You  really don’t need much to do yoga.  But part of my obsession includes having to get the “best” whatever it is I do need.  So I spent about 4 hours researching yoga mats online one night and ordered what I think is the top of the line ultra thick, sticky, eco-friendly mat out there.  When it came in the mail I thought to myself, with this mat I can do yoga anywhere. Really?  Other than a yoga studio, where am I really going to do yoga?  It’s November.  It’s Boston.   It’s not like I’m going to be doing it along the banks of the Charles or in Walden woods.  I also got a Yogitoes skidless to go with my mat and I’m putting a plug in for it because I think it’s an absolute must for keeping a good grip during hot yoga.  Sure, you could use a regular towel but a skidless is soooo much better.  It’s not a towel, it’s not a mat.  In their words it “prevents slipping on your yoga mat, stabilizes your practice and puts a hygienic layer between you and the mat.”   Sure.  I’ll buy that.

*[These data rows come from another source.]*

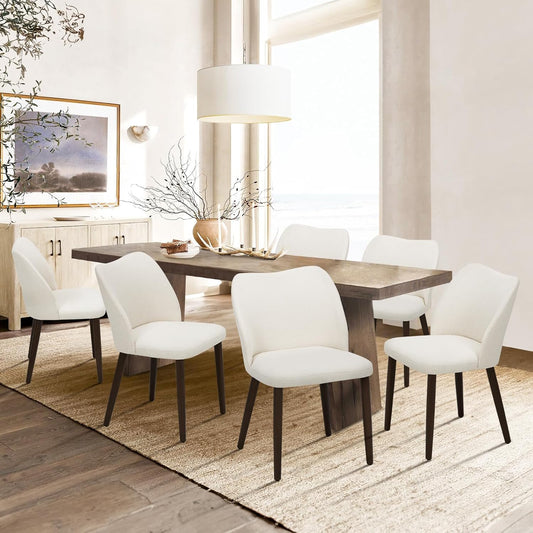 COLAMY Upholstered Dining Chairs Set of 6, Modern Fabric Dining Room Kitchen Side Chair with Padded Seat and Wood Legs for Restaurant/Cafe, Beige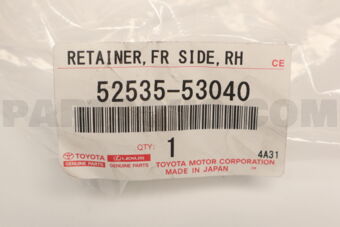 5253553040 Toyota RETAINER, FR BUMPER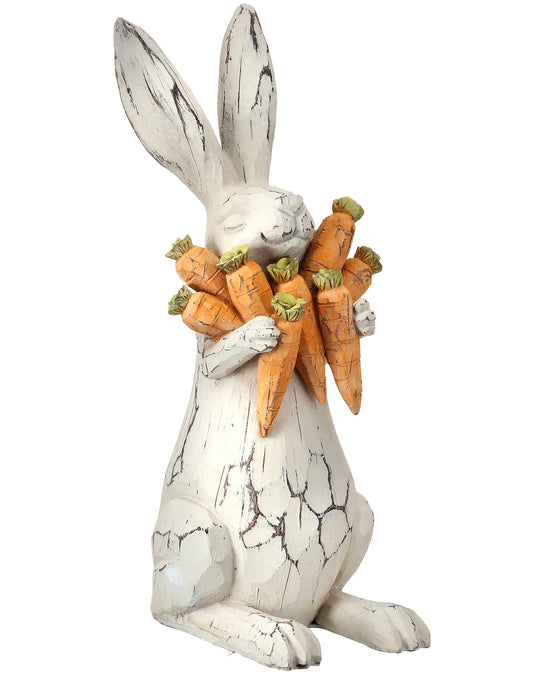 Rustic Carved Bunny w/Carrots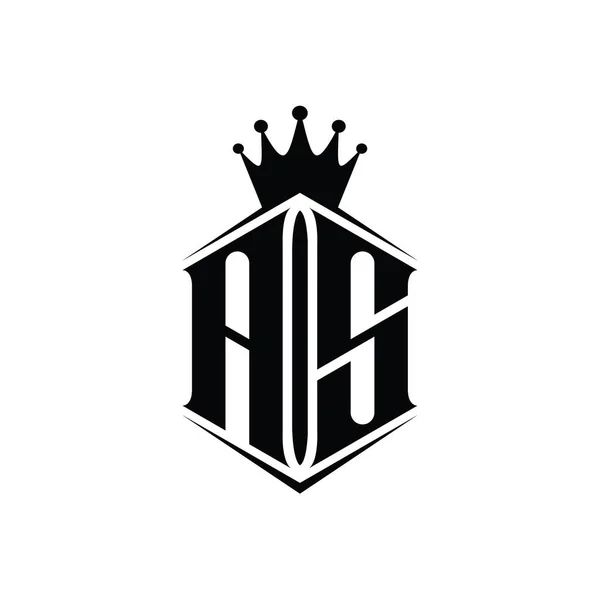 Letter Logo Monograma Coroa Forma Escudo Hexágono Com Modelo Design — Fotografia de Stock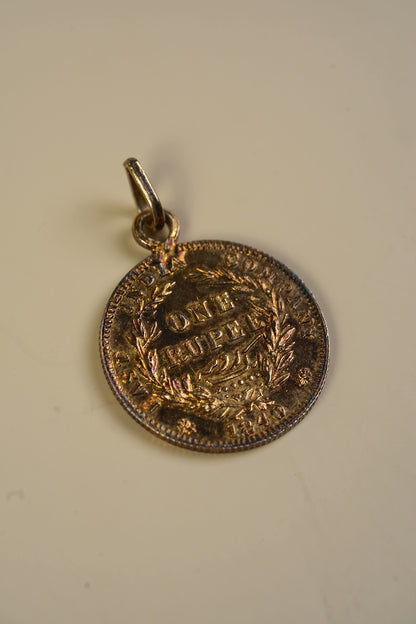 Antique East India Company One Rupee Coin Pendant — Queen Victoria, 1840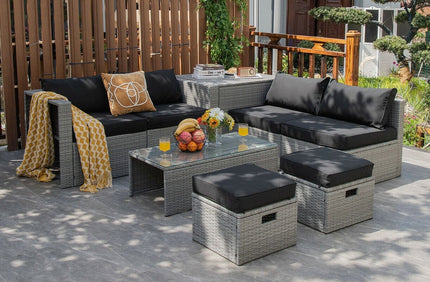 8 Pieces Patio Rattan Furniture Set with Storage Waterproof Cover and Cushion - Black - Patio Furniture | Patioza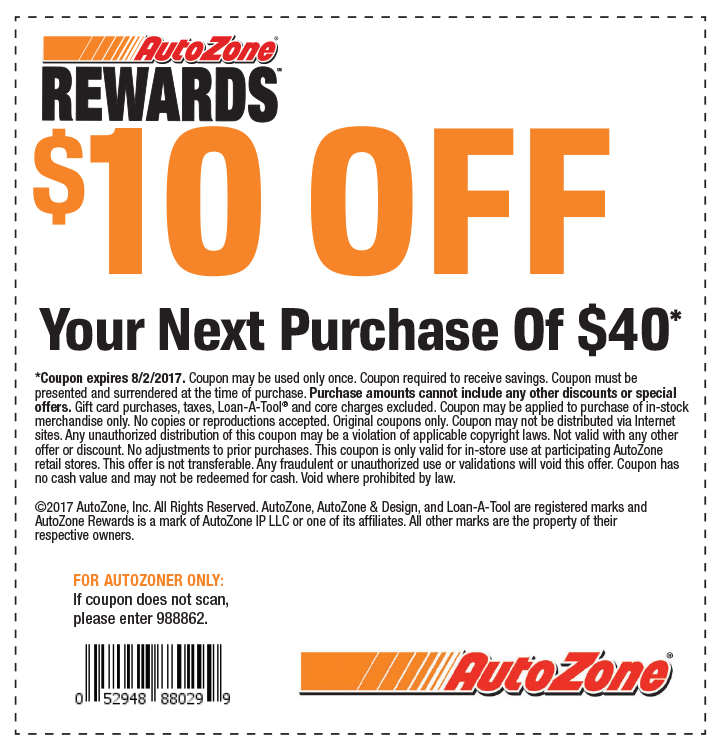 AutoZone Coupons 10 off 40 at AutoZone, or 20 off 100 online via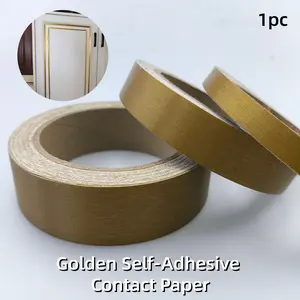 Golden Elegant Texture Self-Adhesive Wallpaper,Self-Adhesive Edges Strip, Self-Adhesive Design for Wall Decoration,for Wardrobe Doors and Cabinets, Removable, Easy to Match and Stick, Perfect for Home Decor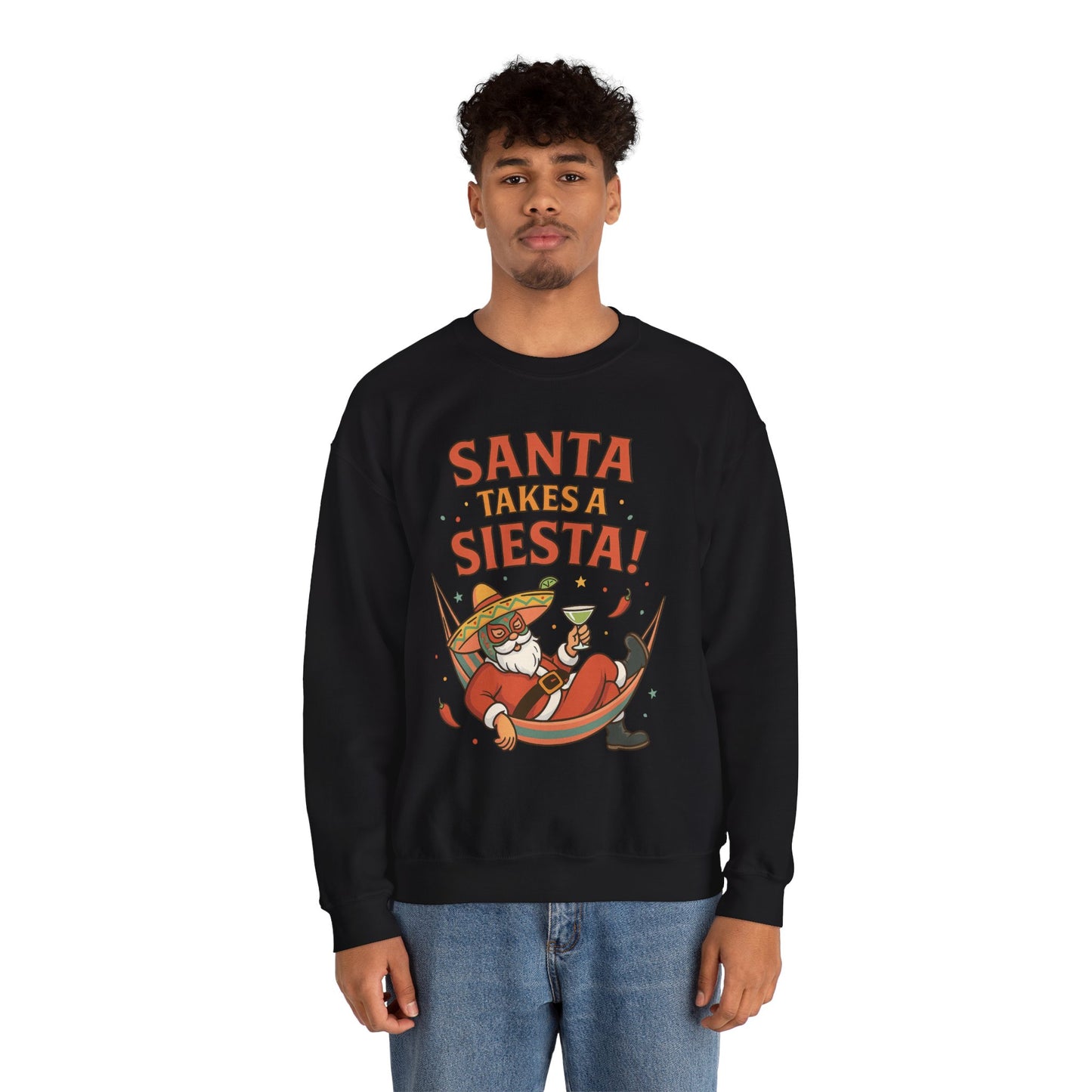 Santa Takes a Siesta Funny Christmas Sweatshirt for Men, Mexican Holiday Jumper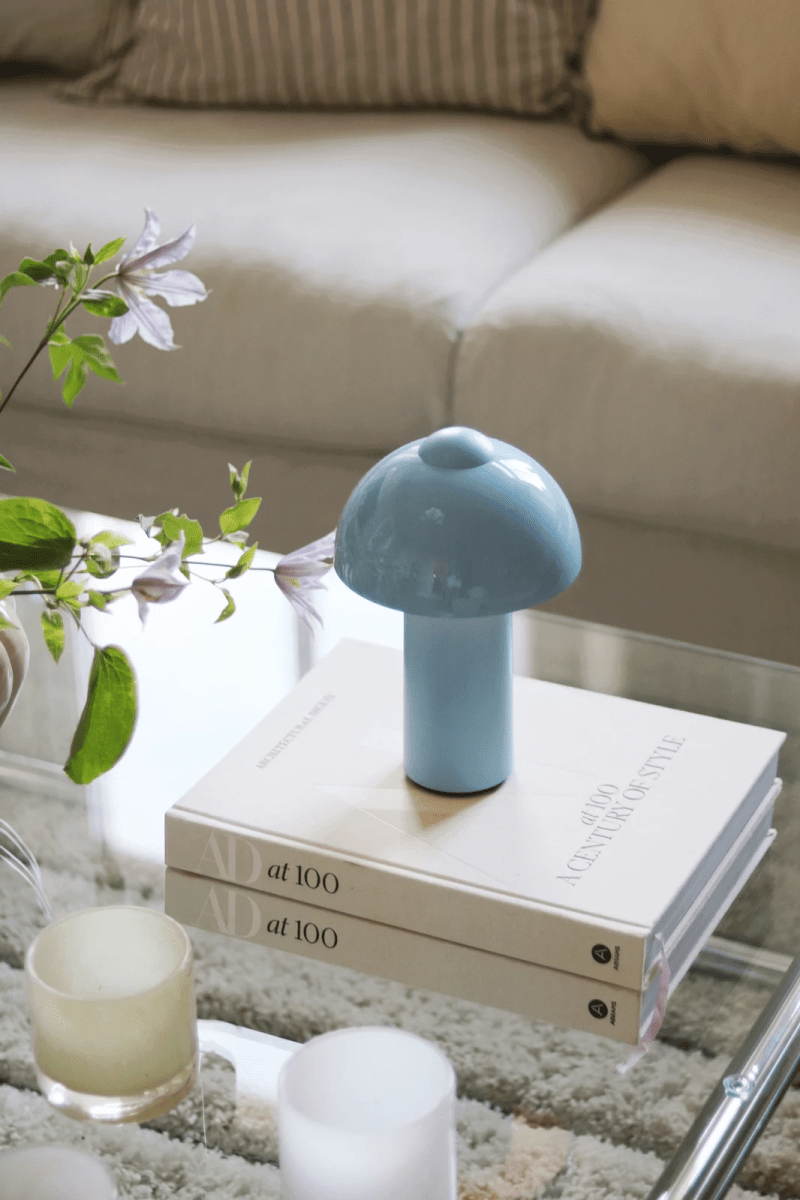 Buddy 25cm Lichtblauw Draagbare Van Globen Lighting - Met de aanraakknop bovenop kunt u de lamp eenvoudig aan- en uitzetten en de helderheid naar wens aanpassen.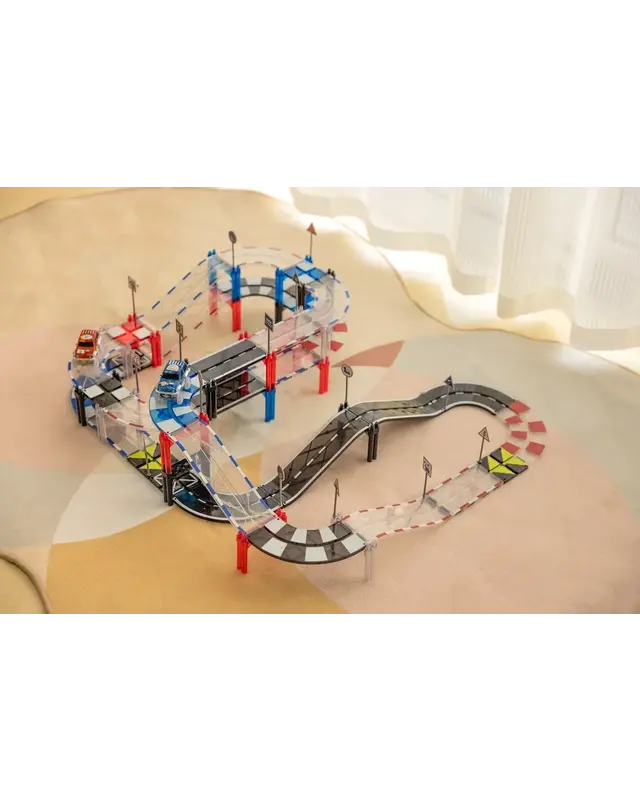 MNTL MNTL Magnetische Autobaan Set 72-delig MNTL MNTL Magnetische Autobaan Set 72-delig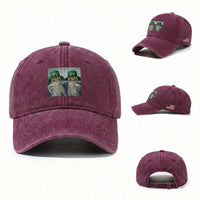 Funny St Patricks Day Cats Drinking Beer Meme Washed Cotton Baseball Cap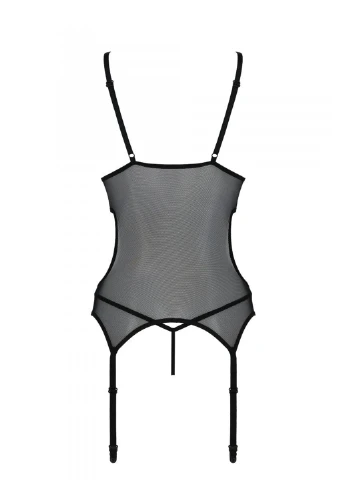 Корсет із підв’язками та ажурним ліфом Christa Corset black XXL/XXXL —, стрінги в комплекті Passion (255457800)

Guess what’s on my Christmas list this year.  You got it.  Yoga.  Friends, fam – wanna get me something I’ll love?  Get me a few classes at Yoga Power, my favorite studio so far.  Sure, the jury is still out on how long my fixation with yoga will last.  But if I know myself, this should take me well into the spring.  I’m going to shoot for keeping it up at least until I have Madonna arms.   We’ll see.

Namaste.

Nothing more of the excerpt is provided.